Here, we present an integrated approach to the weakly viscoelastic fluid printability assessment by using global dimensionless criteria (DC). The problem was studied on a model semidiluted polyvinylpyrrolidone water-based ink. For the study purpose, the ink composition was kept as simple as possible. First, the solution density, viscosity, and surface tension were determined. Obtained data were used for testing limitations of DC printability diagrams already available for Newtonian fluids. A replotted version of the original Kim and Baek's map was developed emphasizing the importance of surface tension in the drop formation process. Another set of DC (e.g., Ec and De) was also used for a real evaluation of the viscoelasticity effect on both jetting conditions and drop formation. The polymer relaxation time as a crucial parameter for viscoelasticity was shown to be calculated using the Kuhn segment length rather than from Zimm and Rouse theories for diluted polymer systems.
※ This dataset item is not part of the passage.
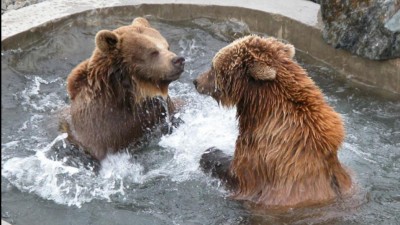 Medvědy z kladenského zámku našli v odložené bedně, zachránili je před smrtí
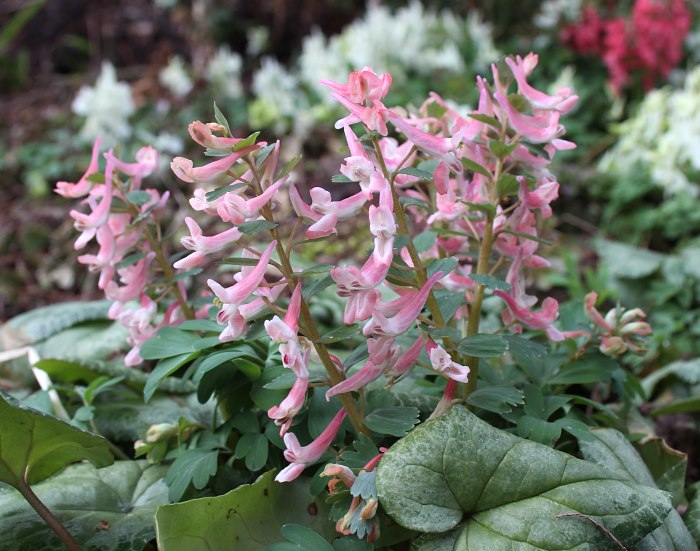 Corydalis solida - Sämling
Then, a two-dimensional diagram using four DC (Oh and De with Ec and El as parameters) is proposed based on the famous McKinley's work. The diagram describes the interplay of possible forces responsible for filament thinning and breakup processes. Obtained results were supported by further experiments involving drop ejection and formation, determination of critical polymer concentration, and others. The proposed diagram promises a useful initial step in further investigations of viscoelasticity of polymer compounds by inkjet printing.